Table 2 explores whether AI appreciation and the moderating effects of gender and knowledge persist over time by testing whether our ‘one-shot experiment’ findings hold throughout the entire four-week period of the experiment. We find consistent results regarding all three research questions (i.e., AI appreciation bias, the moderating effects of gender and knowledge). Table 2, Column 1 documents that subjects change their answers 6.1% points more often (compared to 7.2% during the first week) than subjects receiving advice from peers (ß = 0.061; p-value = 0.055), consistent with AI appreciation persisting over time. The interaction between AI advice and gender in Column 2 also supports the results obtained during the first period: male subjects rely 12.8% points less (compared to 12.1% points in the first week) on AI advice compared to female subjects (ß = -0.128; p-value = 0.054). Column 3 confirms that high-knowledge subjects rely 16.3% points less (compared to 16.8% points in the first week) on AI advice (ß = -0.163; p-value = 0.007).

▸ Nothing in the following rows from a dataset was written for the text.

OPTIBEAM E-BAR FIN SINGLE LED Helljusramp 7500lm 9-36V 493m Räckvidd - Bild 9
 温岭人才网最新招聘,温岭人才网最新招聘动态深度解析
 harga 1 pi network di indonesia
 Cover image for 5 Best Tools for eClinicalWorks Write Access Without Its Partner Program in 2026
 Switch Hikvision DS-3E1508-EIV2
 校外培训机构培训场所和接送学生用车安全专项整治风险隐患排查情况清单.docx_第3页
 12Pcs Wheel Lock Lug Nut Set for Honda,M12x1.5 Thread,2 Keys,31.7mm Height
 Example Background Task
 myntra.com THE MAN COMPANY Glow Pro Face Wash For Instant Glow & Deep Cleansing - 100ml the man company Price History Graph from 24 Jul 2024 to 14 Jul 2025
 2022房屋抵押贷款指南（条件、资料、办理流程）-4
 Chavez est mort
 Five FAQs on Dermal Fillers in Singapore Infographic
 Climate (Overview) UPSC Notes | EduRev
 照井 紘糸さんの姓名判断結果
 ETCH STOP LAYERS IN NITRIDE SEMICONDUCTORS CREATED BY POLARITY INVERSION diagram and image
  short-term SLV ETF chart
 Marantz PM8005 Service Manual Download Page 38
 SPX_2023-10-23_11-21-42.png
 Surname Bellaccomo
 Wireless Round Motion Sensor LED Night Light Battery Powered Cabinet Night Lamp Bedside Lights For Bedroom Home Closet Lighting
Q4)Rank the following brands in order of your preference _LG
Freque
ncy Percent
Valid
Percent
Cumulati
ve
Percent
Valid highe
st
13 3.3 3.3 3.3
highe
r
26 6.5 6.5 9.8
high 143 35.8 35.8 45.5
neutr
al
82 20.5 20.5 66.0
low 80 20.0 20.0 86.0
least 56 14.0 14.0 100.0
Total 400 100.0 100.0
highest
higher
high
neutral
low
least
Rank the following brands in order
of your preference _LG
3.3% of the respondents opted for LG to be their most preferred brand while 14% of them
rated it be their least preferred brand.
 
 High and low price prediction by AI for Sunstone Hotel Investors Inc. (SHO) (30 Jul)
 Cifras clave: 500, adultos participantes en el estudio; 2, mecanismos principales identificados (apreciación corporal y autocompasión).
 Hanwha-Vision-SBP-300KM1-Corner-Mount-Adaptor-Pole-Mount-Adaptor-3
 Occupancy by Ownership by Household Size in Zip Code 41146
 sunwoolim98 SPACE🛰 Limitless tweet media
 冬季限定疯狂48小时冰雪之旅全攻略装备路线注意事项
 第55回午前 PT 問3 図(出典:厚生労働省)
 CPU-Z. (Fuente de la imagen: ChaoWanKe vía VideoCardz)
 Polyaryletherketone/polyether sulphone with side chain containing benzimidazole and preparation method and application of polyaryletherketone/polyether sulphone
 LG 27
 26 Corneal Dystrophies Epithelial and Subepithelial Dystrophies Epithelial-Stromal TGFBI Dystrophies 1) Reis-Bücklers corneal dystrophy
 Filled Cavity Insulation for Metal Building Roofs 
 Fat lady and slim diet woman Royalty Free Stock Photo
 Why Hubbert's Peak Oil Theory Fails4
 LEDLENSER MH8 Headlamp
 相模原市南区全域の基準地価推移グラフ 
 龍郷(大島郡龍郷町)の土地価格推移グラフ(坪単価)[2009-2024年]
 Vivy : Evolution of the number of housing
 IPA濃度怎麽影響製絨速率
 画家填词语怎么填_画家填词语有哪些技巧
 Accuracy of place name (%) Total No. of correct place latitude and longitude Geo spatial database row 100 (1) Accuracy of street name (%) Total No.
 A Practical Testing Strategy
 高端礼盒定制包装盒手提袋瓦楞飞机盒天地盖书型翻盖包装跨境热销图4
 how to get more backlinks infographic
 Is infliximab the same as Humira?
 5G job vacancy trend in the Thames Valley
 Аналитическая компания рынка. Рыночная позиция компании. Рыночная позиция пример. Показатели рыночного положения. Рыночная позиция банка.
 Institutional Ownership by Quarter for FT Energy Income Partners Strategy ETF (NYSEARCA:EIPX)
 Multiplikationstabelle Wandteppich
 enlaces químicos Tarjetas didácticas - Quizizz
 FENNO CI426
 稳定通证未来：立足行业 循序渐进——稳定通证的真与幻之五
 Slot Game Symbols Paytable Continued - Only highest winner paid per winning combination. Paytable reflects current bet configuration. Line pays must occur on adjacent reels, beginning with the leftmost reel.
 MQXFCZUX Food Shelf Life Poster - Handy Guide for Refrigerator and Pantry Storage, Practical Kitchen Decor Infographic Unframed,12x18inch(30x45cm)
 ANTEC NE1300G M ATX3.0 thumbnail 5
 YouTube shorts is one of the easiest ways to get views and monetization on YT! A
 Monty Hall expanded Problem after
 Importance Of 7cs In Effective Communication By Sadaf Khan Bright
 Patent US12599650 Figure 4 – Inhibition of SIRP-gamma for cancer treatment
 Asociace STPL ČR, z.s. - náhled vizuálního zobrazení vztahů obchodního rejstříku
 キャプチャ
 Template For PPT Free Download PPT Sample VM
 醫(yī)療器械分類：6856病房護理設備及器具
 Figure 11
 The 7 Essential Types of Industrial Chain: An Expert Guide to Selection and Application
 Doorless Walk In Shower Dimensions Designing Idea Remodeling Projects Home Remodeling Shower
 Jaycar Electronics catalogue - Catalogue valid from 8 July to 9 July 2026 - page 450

While feedback shows a significant main effect (β = 0.077, p-value = 0.053) in increasing overall advice-taking behavior, the lack of significant interaction with AI advice suggests that feedback affects trust in AI and peer advice similarly. This finding indicates that relative performance feedback influences general advice-taking propensity rather than source-specific trust. This supports the external validity of one-shot lab experiments (e.g., Logg et al., 2019; Bogert et al., 2021) for predicting behavior in real-world settings where subjects can learn and make more informed trust decisions when performance information is shared. Additionally, performance feedback may influence advice-taking propensity differently depending on the relative quality of the advice compared to the subject’s initial answer accuracy. For instance, subjects who consistently outperform the advice may reduce reliance, while those with lower initial accuracy may rely more heavily on advice after receiving feedback. We test this by adding an interaction term between high-knowledge and feedback (see Appendix 4). We find that while feedback significantly increases overall advice-taking propensity (β = 0.147; p-value = 0.009), this positive effect is significantly reduced for high-knowledge individuals (β=−0.135; p-value = 0.022), indicating that feedback helps individuals calibrate their trust in advice more effectively.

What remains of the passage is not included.